PAC premieres internship fair: Students network for government positions
On Wednesday, Nov. 6 in the Lion’s Pause, the Political Awareness Committee (PAC) held its first Government Internships Fair.
At least 60 students attended the event, where they networked with liaisons from political offices and organizations at the local, state and federal levels. Also among the attendees were U.S. Congress candidate Mike Obermueller from MN-02 and Rep. David Bly (D-Northfield).
PAC modeled the event after Ole Biz and Ole Med. These feature sessions of mingling and informal networking were punctuated by “pop-up” speakers who gave short speeches summarizing their specific careers and fields.
PAC Coordinator Rachel Palermo ’15 found inspiration for the fair over the summer while interning for the Justice Department in Washington, D.C.
“I got there and my first thought was, ‘Why aren’t there more Oles here taking advantage of all these internships?’” Palermo said. “We’re well-qualified. They’re the kind of positions we’re interested in.”
Will Lutterman ’14, PAC Special Events Coordinator, had the idea to bring in local and state-level organizations for those unable to travel all the way to D.C. He and other PAC members reached out to organizations, networked with alumni and drew on their own professional connections to compile the invitation list.
“This was the first time there’s ever been a student-run career event,” Lutterman said.
Participating organizations included the U.S. Department of Justice, the U.S. and Minnesota Senate and House of Representatives, the Minnesota DFL, the Minnesota Green Party, the Office of Governor Mark Dayton, the Minnesota Department of Human Services, the Northfield City Council, Obermueller for Congress and Holiday Co.

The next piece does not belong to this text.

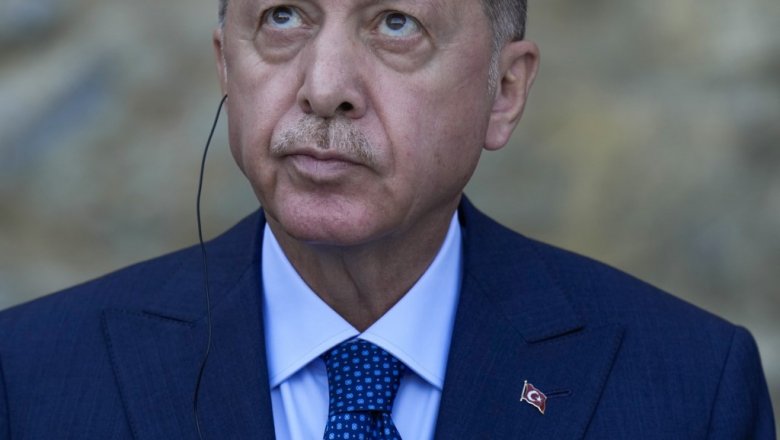 Эрдоган передумал высылать десять послов после их нового заявления
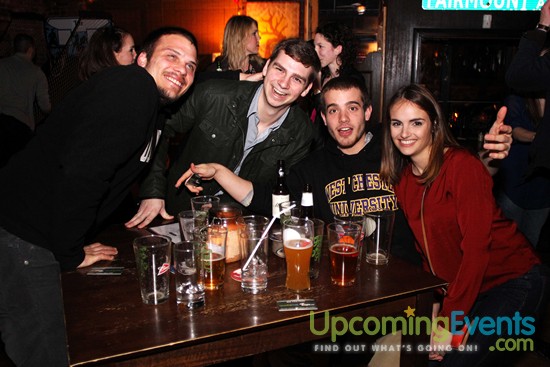 Kraken Rum - Fairmount (March 20, 2015)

According to Lutterman and Palermo, the fair offered an excellent opportunity for Oles interested in the public sector to get a leg up in locating otherwise difficult-to-find internships.

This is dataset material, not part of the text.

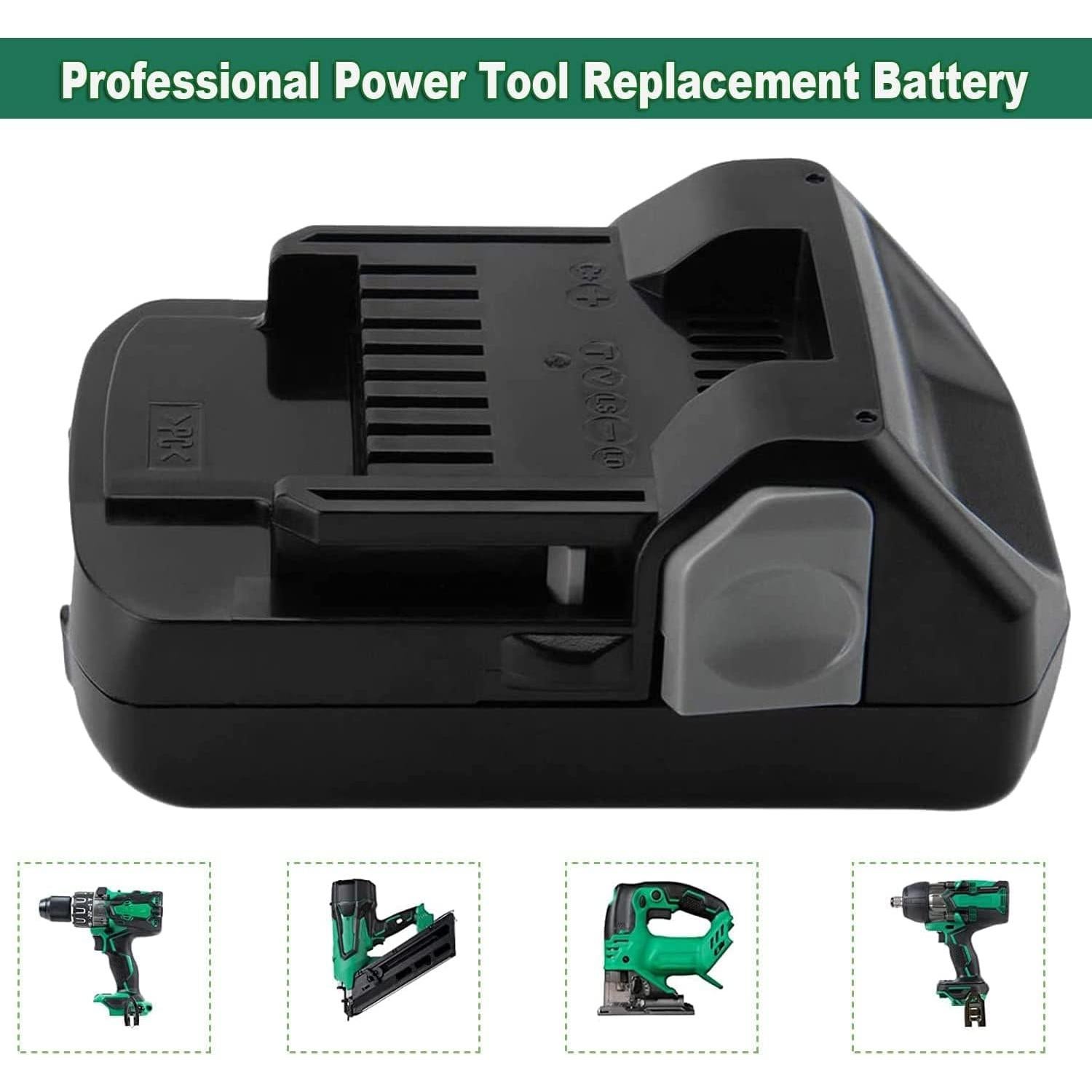 Batería Recargable 18V 3.0Ah Hitachi BSL1815X BSL1830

“A lot of these opportunities are never posted. They’re informal and relationship-based,” Lutterman said. “You have to know the right people.”
Palermo described the event as well-rounded. One pop-up speaker spoke about working in government relations for a private company and the lobbying field, offering information to attendees interested in the private sector.
Students were able to speak face-to-face with liaisons and internship coordinators who might have hundreds of applications to sift through. Though they do not have specific numbers, Palermo and Lutterman said some students learned of positions and turned in applications as a result of the event.
“It was encouraging to see those connections being made,” Palermo said.
Event organizers opted to keep the event on campus rather than bus students to the Cities as Ole Biz and Ole Med do. This kept the event informal, and Palermo hopes attendees walked away feeling more comfortable networking in a variety of professional settings.
The organizing that went into the event, Palermo said, was a rewarding process.
“All it takes is a few people to say ‘We’re going to do this,’ and then start planning,” Palermo said.
Palermo emphasized her hope that the event would encourage more St. Olaf students to apply for those prestigious and seemingly unattainable internships. The internship fair was a stepping stone toward that goal.
By bringing representatives from these prestigious offices together, “We took these highly selective positions and made them manageable for Oles,” Lutterman added.
Given its success, PAC hopes to make the internship fair an annual event.
“We hope people do this in the future, too. We don’t have the resources the Piper Center does, but for everyone who came it was a very valuable experience,” Lutterman said.